▶ **Your goal**:
Would you transcribe the lines running from the one that holds "Kimber ~ Micro 9 ~ 9mm Luger - Image 2 of 5" to the last line of the records? Leave every picture out.
--- Input records Enclosed Below ---
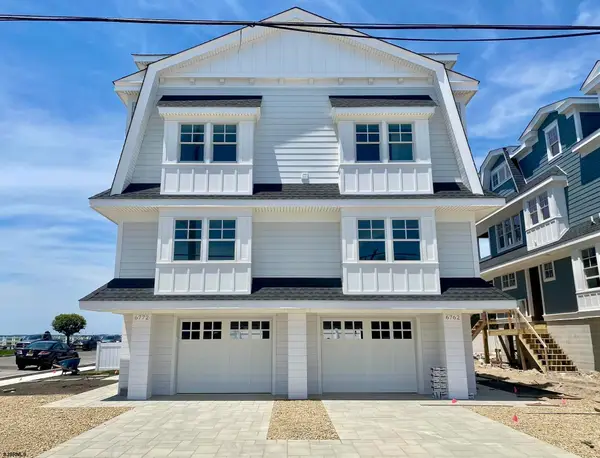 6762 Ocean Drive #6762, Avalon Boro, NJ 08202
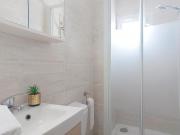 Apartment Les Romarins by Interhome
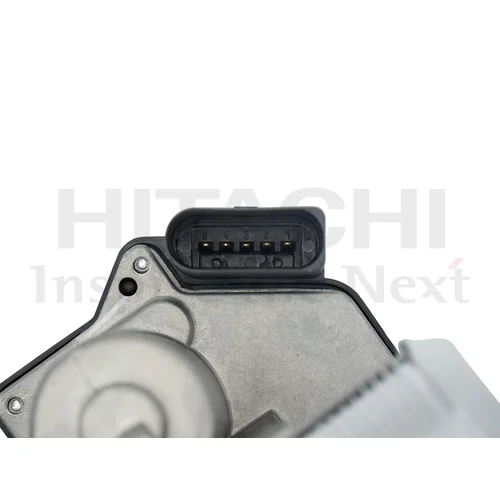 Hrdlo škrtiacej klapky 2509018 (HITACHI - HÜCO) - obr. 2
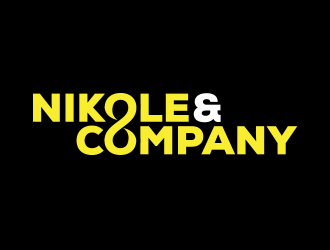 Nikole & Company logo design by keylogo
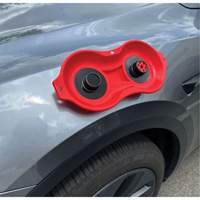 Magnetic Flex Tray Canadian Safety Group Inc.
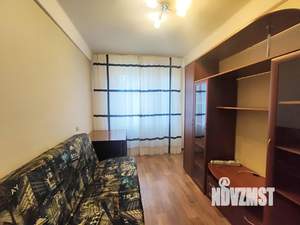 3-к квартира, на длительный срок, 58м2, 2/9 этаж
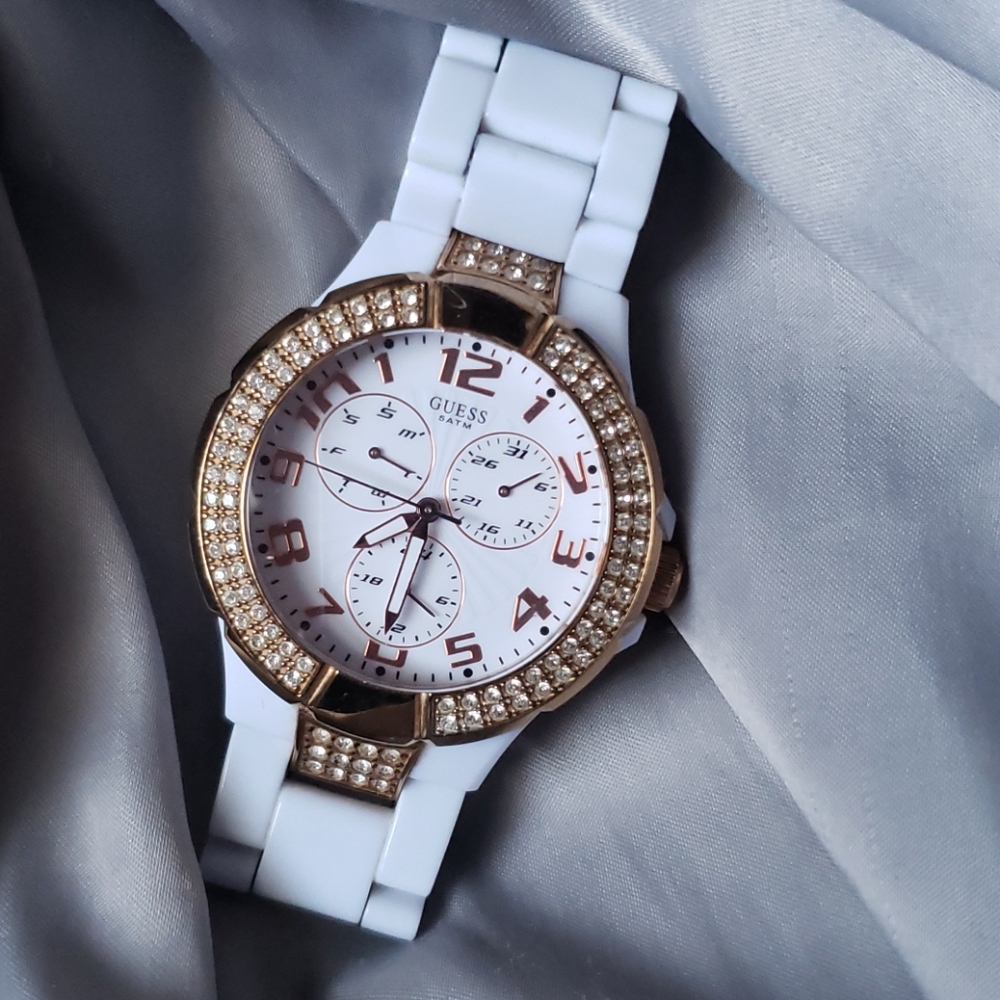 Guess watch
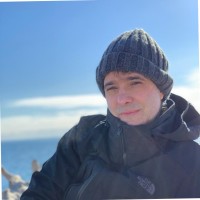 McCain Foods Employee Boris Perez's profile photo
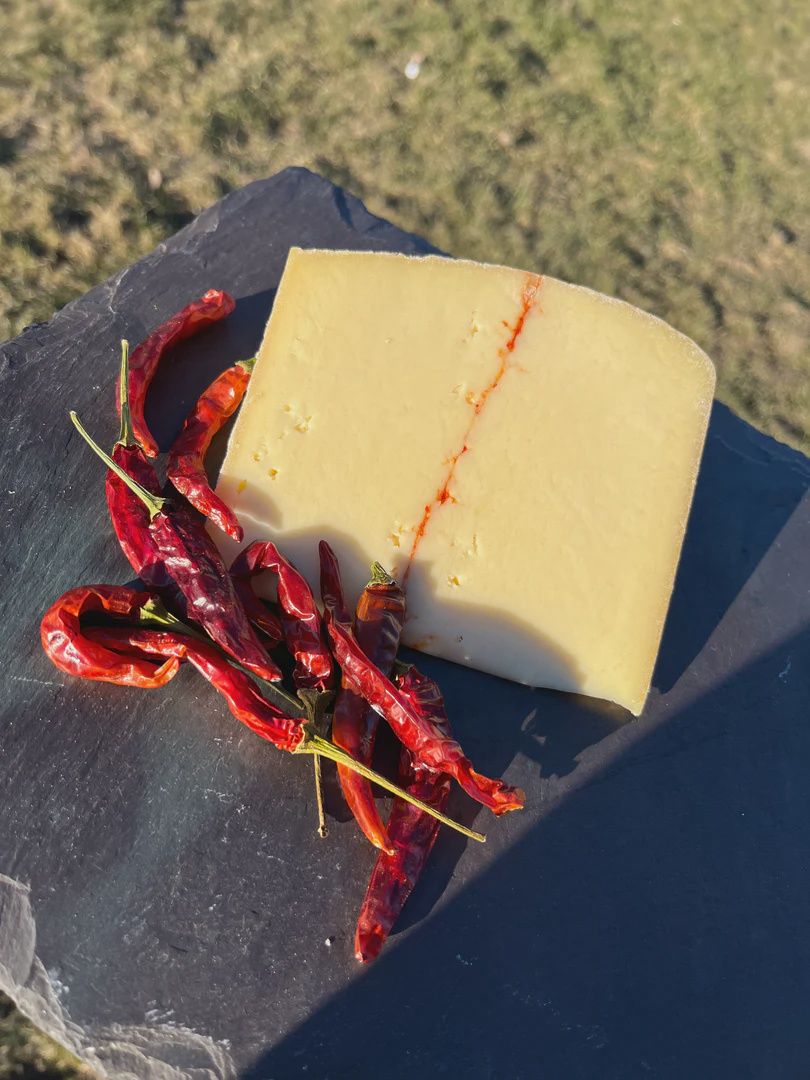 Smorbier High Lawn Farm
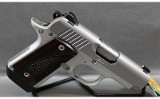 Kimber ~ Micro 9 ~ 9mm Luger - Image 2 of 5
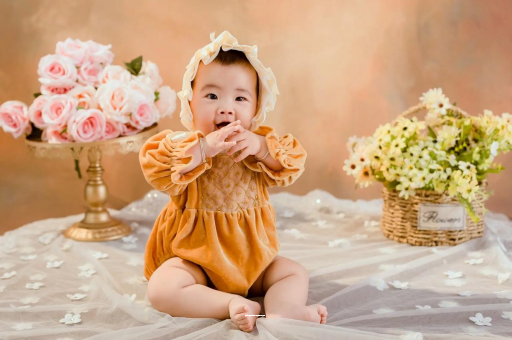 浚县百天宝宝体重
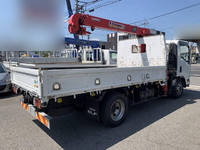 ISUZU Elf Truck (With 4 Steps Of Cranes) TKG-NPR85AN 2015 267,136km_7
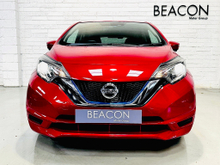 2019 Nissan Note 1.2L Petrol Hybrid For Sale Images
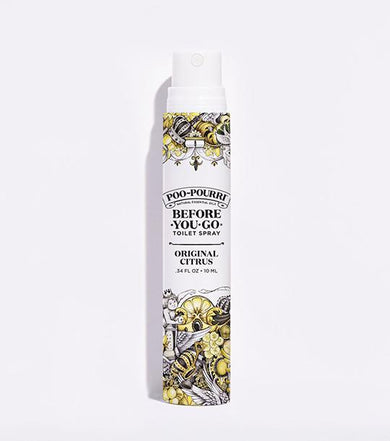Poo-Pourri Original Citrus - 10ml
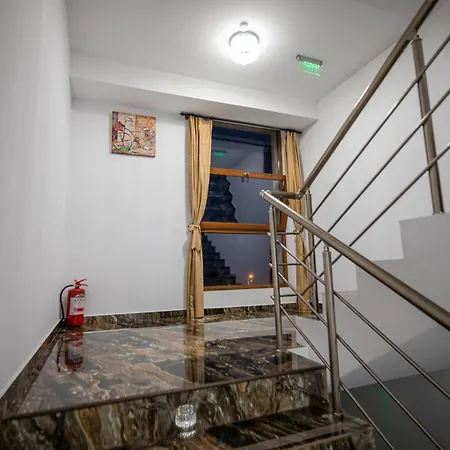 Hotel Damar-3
--- End of Enclosed Input records ---
▶ **Answer to this exercise**:
 Kimber ~ Micro 9 ~ 9mm Luger - Image 2 of 5
 浚县百天宝宝体重
 ISUZU Elf Truck (With 4 Steps Of Cranes) TKG-NPR85AN 2015 267,136km_7
 2019 Nissan Note 1.2L Petrol Hybrid For Sale Images
Poo-Pourri Original Citrus - 10ml
 Hotel Damar-3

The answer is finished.